June 21, 2018

The changing face of Hollywood publications

It’s a new era for the competitive world of Variety, TheWrap, Deadline and the Hollywood Report, one in which events, education, video streaming and #MeToo play bigger and bigger roles. I spoke about these changes with Sharon Waxman, CEO and founder of TheWrap, at her offices in Santa Monica, California.

Q. TV has become a much bigger player than movies for the Hollywood press in recent years. Can you explain that evolution?

Waxman: TV production has ballooned with the rise of Netflix and other streaming services like Amazon Studios and Hulu. So there's a vastly increased amount of content to cover if you are an industry-facing publication, or even if you are consumer-facing.

At the same time, there is an overarching narrative about the changes to consumer behavior led by the streaming giants, and the subsequent shifts in the power structure in the entertainment industry. Meanwhile, movies have become a much tougher business overall, with a preponderance of those tied to superhero storytelling.

Q. There's more content being produced than ever before. How do you keep track of the casting, production, creation and finances of so many productions? How do marketers keep so many works in front of eyeballs?

Waxman: Hustle.

And hustle.  

Sharon Waxman
Sharon Waxman (Photo/E. Brady Robinson) Used with permission.

Q. Where do you think your sector will be in five years? How will the revenue mix and the content change?

Waxman: I'm not sure if by "my sector" you mean digital media or [business-to-business] media or entertainment.

Entertainment will continue to go through major upheaval, and a scrambling of the established order is underway. The studio system is over, as I've written elsewhere. Both signal an end to the major studio system that has reigned for more than 50 years, replaced by a mix of distribution giants.

Digital media has been decimated by Facebook and Google, though sites like ours whose business model relies on B-to-B revenue have been partially protected. We are all seeing revenue sucked away by Facebook, and have seen our advertisers migrate there and to Google. In that case, we get pennies on the dollar for CPMs. This is a shortsighted and greedy strategy by Facebook. They need to open their business model to allow legitimate news partners to share in the revenue.

That said, every company in this sector needs to diversify. That's what we've done and are continuing to do, moving aggressively into the events space and building new products that we can monetize. Any media company that does not diversify risks extinction.
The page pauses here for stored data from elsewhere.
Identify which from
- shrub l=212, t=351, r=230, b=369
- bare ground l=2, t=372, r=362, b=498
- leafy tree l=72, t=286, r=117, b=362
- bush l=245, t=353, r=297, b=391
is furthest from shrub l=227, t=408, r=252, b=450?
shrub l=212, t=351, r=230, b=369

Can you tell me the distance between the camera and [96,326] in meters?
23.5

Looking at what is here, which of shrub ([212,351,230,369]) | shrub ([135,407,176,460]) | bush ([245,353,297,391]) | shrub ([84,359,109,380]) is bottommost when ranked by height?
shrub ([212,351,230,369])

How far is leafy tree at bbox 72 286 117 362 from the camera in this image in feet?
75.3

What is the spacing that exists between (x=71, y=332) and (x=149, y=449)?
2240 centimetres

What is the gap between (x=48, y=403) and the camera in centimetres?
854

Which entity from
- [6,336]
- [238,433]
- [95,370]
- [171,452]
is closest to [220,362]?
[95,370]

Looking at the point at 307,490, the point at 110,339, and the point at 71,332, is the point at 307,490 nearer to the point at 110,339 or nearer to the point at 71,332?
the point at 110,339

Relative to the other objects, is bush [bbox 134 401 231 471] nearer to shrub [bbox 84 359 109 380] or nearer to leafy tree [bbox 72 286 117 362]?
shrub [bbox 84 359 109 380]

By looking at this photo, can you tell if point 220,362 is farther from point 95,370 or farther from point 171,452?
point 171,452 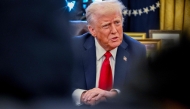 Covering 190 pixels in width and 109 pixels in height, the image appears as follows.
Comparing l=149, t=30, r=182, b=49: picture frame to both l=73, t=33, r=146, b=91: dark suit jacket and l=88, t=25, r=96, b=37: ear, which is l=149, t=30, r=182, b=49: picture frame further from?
l=88, t=25, r=96, b=37: ear

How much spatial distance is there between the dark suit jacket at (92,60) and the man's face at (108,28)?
0.07 feet

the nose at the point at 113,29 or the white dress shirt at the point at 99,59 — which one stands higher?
the nose at the point at 113,29

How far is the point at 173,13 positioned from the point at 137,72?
0.67 ft

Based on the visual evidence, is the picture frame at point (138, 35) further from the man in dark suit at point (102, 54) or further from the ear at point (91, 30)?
the ear at point (91, 30)

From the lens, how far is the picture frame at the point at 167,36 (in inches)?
33.5

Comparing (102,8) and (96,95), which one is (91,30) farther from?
(96,95)

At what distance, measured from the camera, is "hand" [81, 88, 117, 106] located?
93 cm

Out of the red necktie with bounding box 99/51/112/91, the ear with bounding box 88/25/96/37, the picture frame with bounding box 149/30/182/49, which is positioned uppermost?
the ear with bounding box 88/25/96/37

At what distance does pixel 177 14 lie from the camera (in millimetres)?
860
TheWrap has launched WrapWomen to drive initiatives around women's leadership, is launching a summit for 1,000 women in media and entertainment this fall and continues to grow our thriving Grill franchise, about the convergence of entertainment and technology.

Quick hits

SMALL NEWSROOMS, BIG IDEAS: Chasing a crooked mayor, marking the anniversary of a community-changing storm. Poynter's Kristen Hare on how these news outlets did it

THE COST OF AN APOLOGY: It may be too high for a freelancer to complain of shoddy treatment, writes Abby Seiff for Columbia Journalism Review. "Our job, in this freelance system, is to stay silent. We protect ourselves with whisper networks of correspondents who quietly tell one another which editors to avoid, what publications to steer clear from. At the end of the day, no one wants to be the one to raise a voice. The stakes are too high; the scales too tipped."

NOPE: The media didn't ignore the border during the Obama administration. I was there, writes John Stanton.
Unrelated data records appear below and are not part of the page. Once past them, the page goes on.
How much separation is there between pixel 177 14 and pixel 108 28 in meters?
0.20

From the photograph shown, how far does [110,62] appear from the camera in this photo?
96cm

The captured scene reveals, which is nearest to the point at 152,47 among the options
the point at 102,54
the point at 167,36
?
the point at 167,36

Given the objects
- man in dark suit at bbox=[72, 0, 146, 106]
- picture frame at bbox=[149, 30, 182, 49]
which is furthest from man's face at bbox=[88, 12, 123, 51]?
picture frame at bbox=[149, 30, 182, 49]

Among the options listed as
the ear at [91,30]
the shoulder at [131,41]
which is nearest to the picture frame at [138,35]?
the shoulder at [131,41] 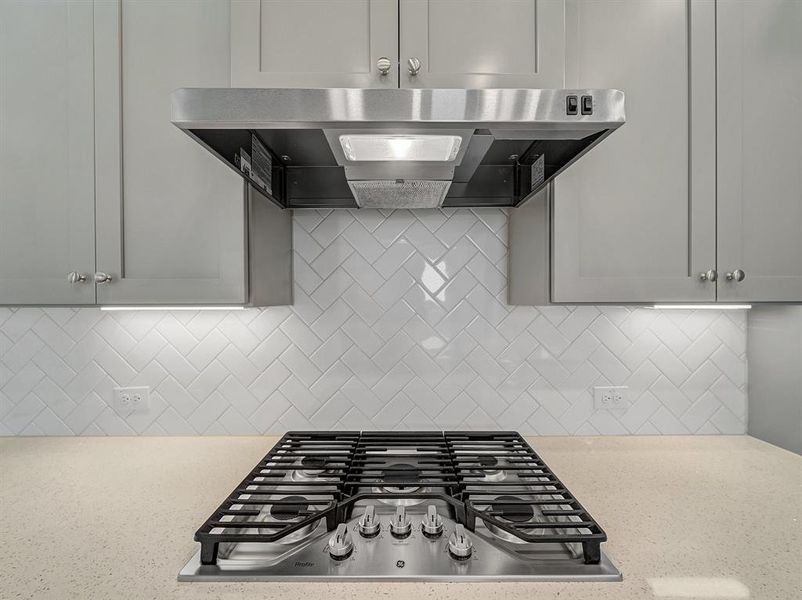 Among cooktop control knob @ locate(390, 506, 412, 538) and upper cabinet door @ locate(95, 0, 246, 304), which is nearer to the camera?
cooktop control knob @ locate(390, 506, 412, 538)

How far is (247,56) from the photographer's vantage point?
112 centimetres

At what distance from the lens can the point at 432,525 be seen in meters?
0.91

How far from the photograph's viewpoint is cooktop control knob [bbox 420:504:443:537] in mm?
907

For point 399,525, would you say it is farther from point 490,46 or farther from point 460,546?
point 490,46

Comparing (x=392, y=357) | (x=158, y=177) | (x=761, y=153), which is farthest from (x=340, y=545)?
(x=761, y=153)

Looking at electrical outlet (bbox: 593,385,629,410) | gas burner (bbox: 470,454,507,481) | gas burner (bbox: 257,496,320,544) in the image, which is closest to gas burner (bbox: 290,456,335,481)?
gas burner (bbox: 257,496,320,544)

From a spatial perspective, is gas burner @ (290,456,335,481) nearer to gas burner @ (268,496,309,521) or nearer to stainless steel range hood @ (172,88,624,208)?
gas burner @ (268,496,309,521)

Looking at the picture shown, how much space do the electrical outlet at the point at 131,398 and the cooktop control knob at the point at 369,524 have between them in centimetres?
96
MAKING IT UP: A Pew study says nearly two-thirds of Americans do not believe "news" on social media is true, Poynter's Taylor Blatchford writes.

UNIVISION BUYOUTS: The company wants to cut 15 percent of its editorial salary budget in its Gizmodo Media Group, which includes Deadspin, Jezebel and Splinter. Bloomberg reports that the cuts don't include satire sites The Onion and Clickhole. 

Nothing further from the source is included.